DDPM

DDPM#

1. Introduction#

DDPM_02 — Fig. 14 Diffusion models \ (source: https://velog.io/@yetsyl0705/What-are-Diffusion-Models)#

Diffusion model은 variational inference로 학습시켜 데이터를 생성하는 parameterized Markov chain. Diffusion model은 Markov가 데이터가 normal distribution의 형태를 할 때까지 noise를 더해가는 diffusion process와 이를 역으로 거치며 학습하는 reverse process로 구성됨.

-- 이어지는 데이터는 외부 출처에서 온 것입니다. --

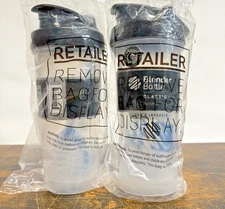 2 Pk Blender Bottle Classic 28 oz Shaker W/Loop Top Clear/Black Lid Blender Ball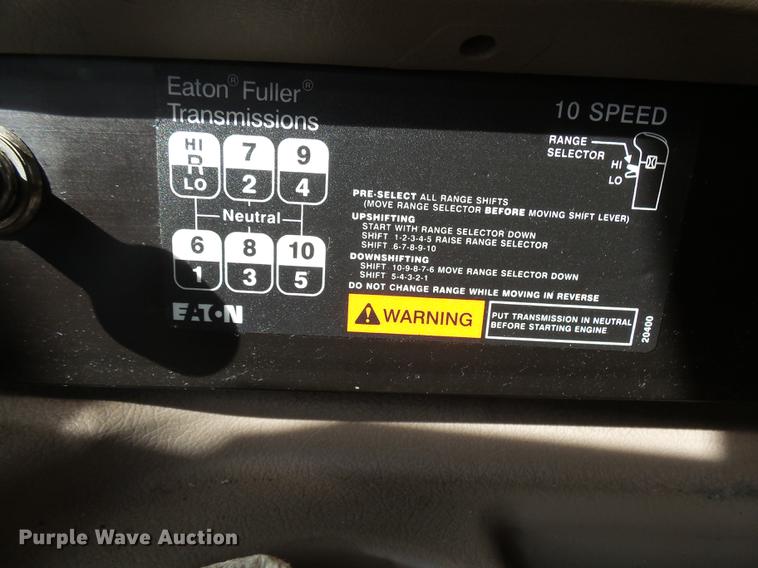 image for item J5401 2007 International 9400i semi truck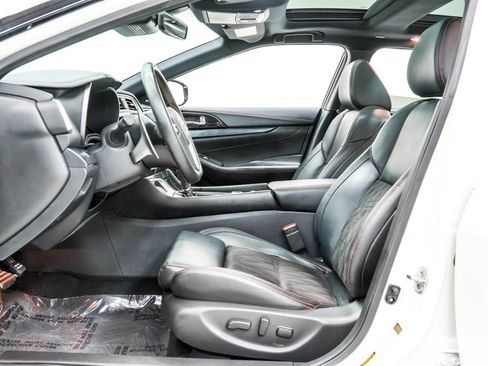 Used 2023 Nissan Maxima SR w/ Sport Mat Group FWD image 16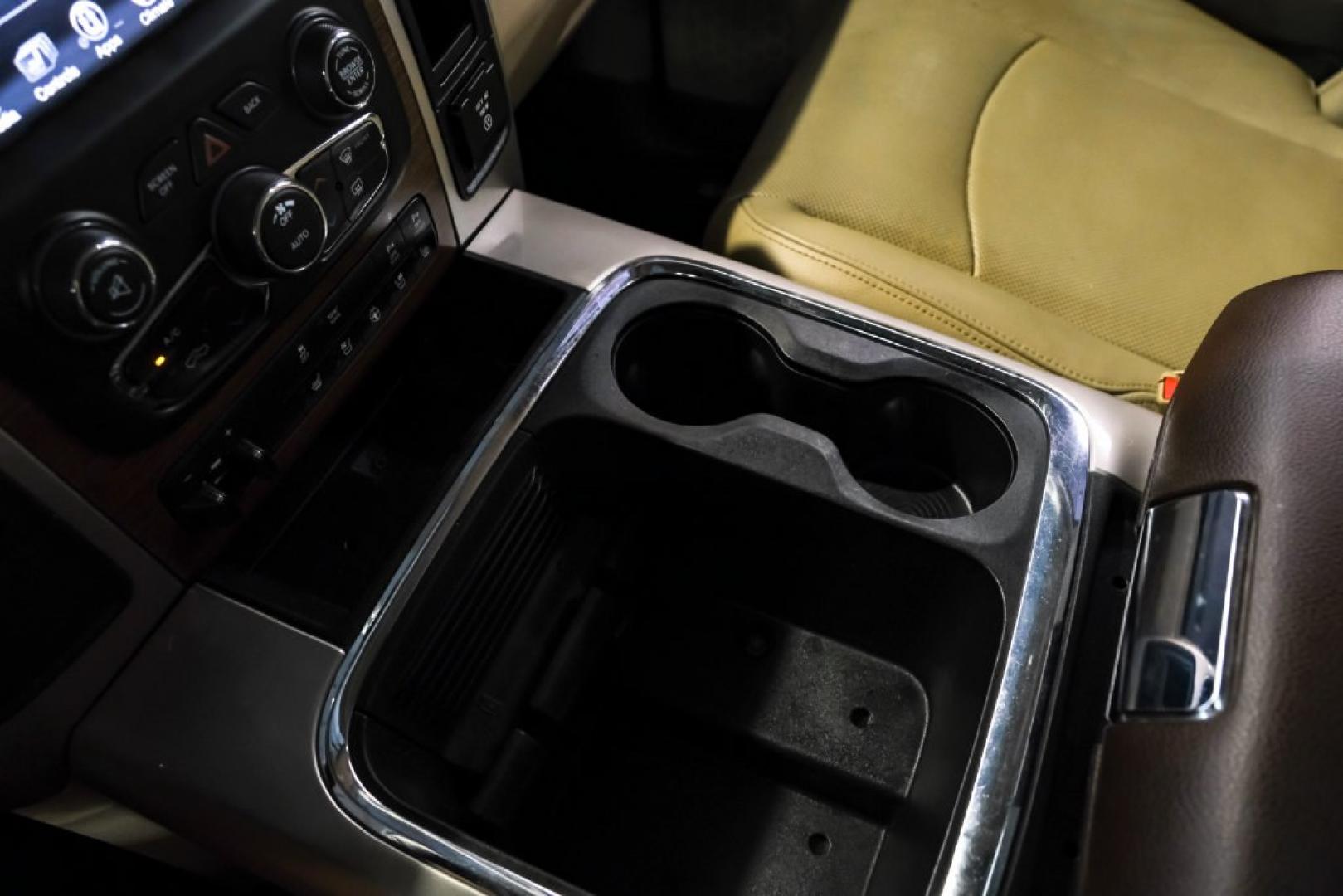 2016 Crystal Metallic /Lt Frost Beige/Brown Ram 2500 Laramie (3C6UR4NJ8GG) with an 6.4L Heavy Duty V8 HEMI w/MDS engine, Automatic transmission, located at 15300 Midway Rd., Addison, TX, 75001, (972) 702-0011, 32.958321, -96.838074- Photo#24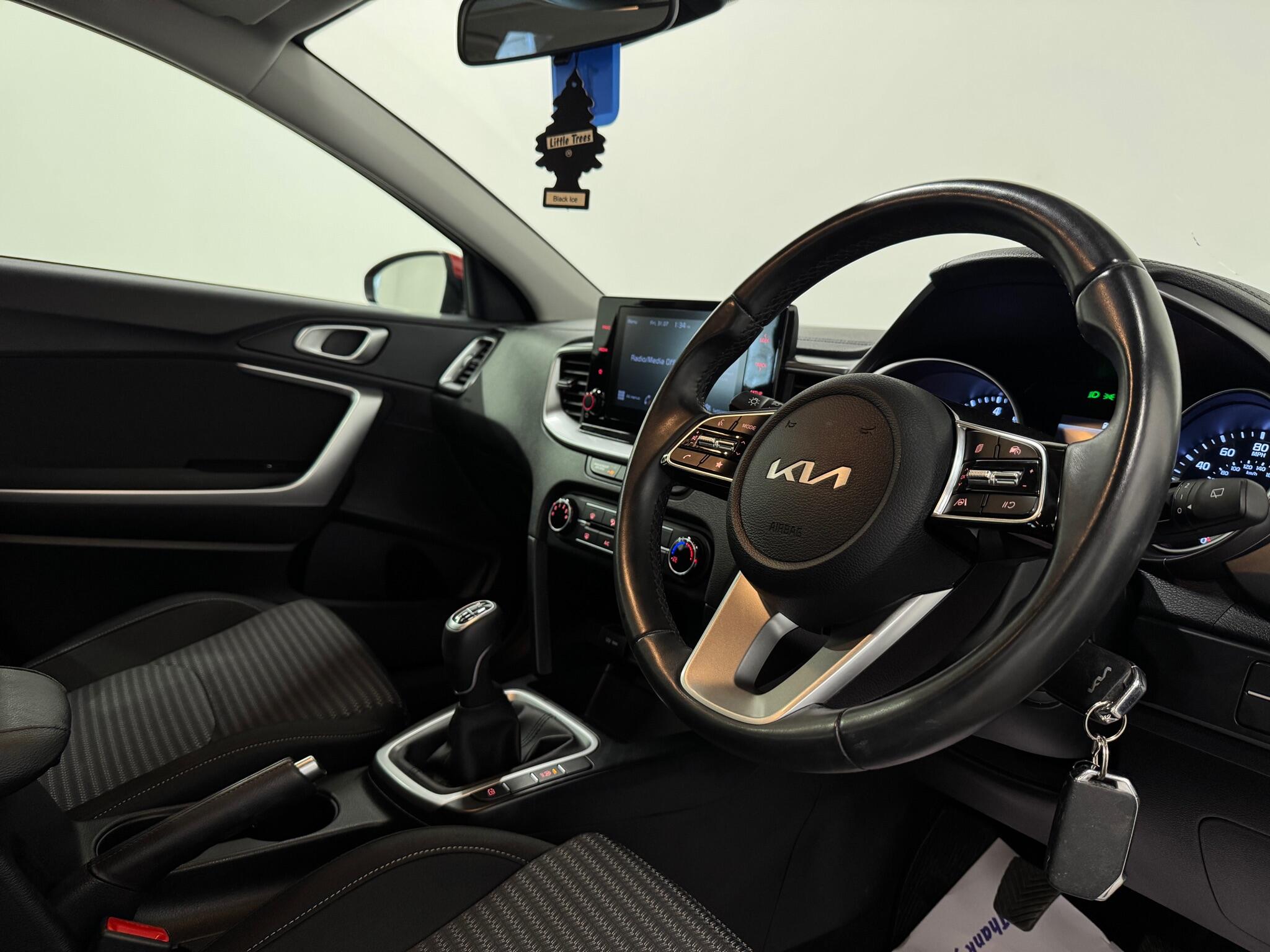Kia Ceed view 11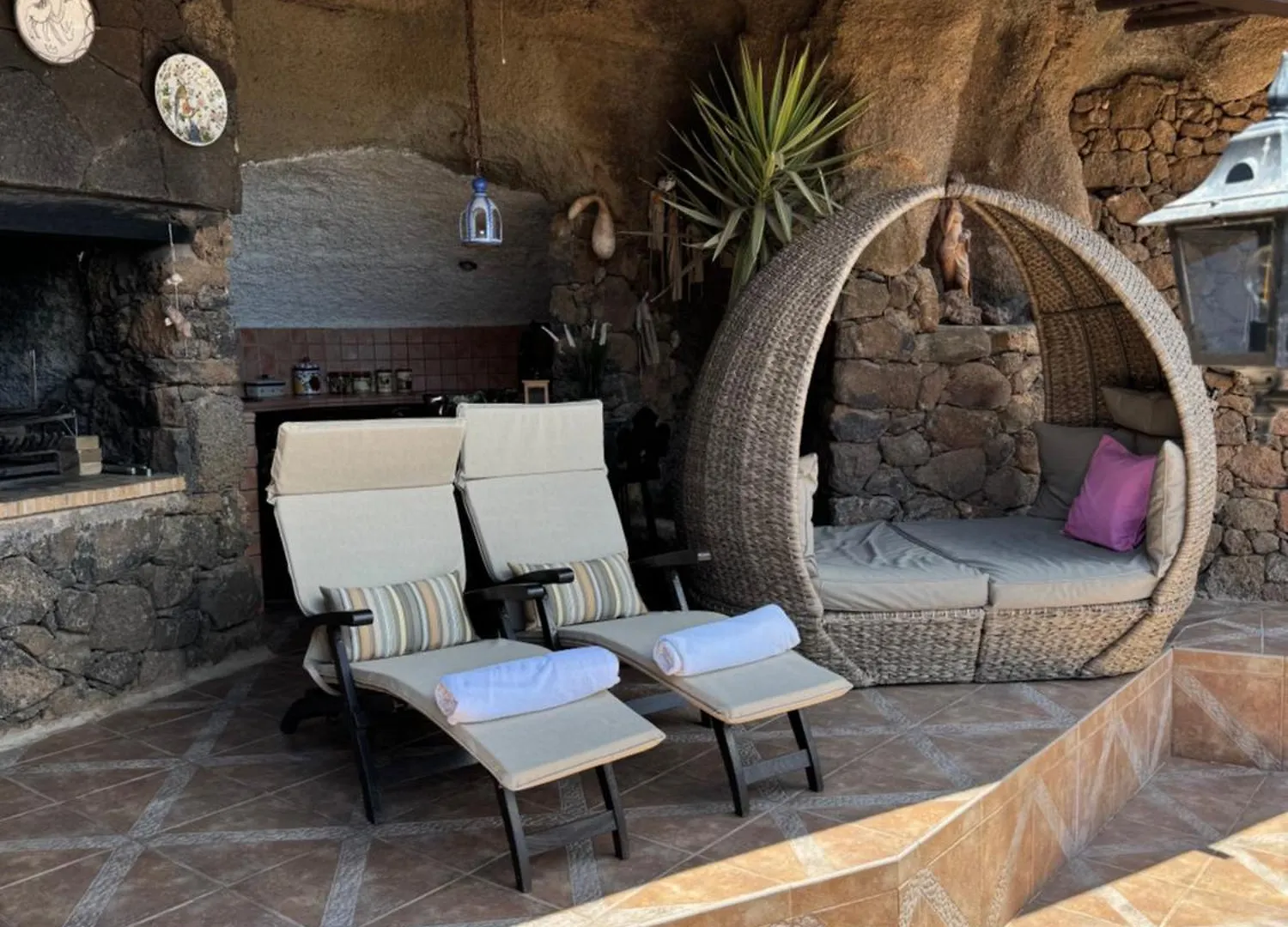 Castillo Lanzarote Villa Sophie - Luxury Villa -Sleep In A Volcanic Cave With Heated Pool Tías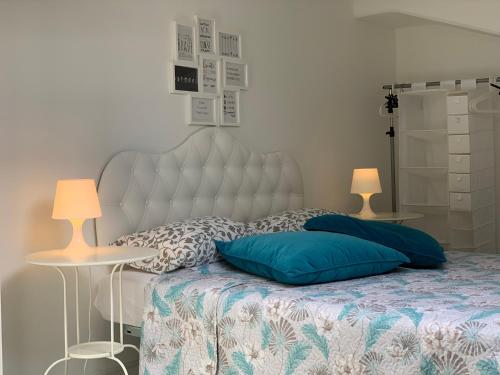 カスティリョンチェッロにあるCasa vacanze Nido delle Rondiniのベッドルーム1室(青い枕とランプ2つ付)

Diffusion model은 정의하기 쉽고 학습시키는 것도 편리함. 또한 높은 품질의 sample(output)도 생성이 가능.

Variational inference(변분추론): 사후확률(posterior) 분포 $p (z | x)$ 를 다루기 쉬운 확률분포 $q (z)$ 로 근사(approximation)하는 것

Parameterize: 하나의 표현식에 대해 다른 parameter를 사용하여 다시 표현하는 과정. 이 과정에서 보통 parameter의 개수를 표현 식의 차수보다 적은 수로 선택(ex. 3차 표현식 –> 2개 parameter 사용)하므로, 낮은 차수로의 mapping 함수(ex. 3D –> 2D)가 생성

Markov chain: 어떤 상태에서 다른 상태로 넘어갈 때, 바로 전 단계의 상태에만 영향을 받는 확률 과정

2. Background#

DDPM_03 — Fig. 15 Graphical model of DDPM \ (source: https://arxiv.org/abs/2006.11239)#

2-1. Forward(diffusion) process $q (x_{t} | x_{t - 1})$ #

q (x_{1 : T} ∣ x_{0}) := \prod_{t = 1}^{T} q (x_{t} ∣ x_{t - 1}), q (x_{t} ∣ x_{t - 1}) := N (x_{t}; \sqrt{1 - β_{t}} x_{t - 1}, β_{t} I)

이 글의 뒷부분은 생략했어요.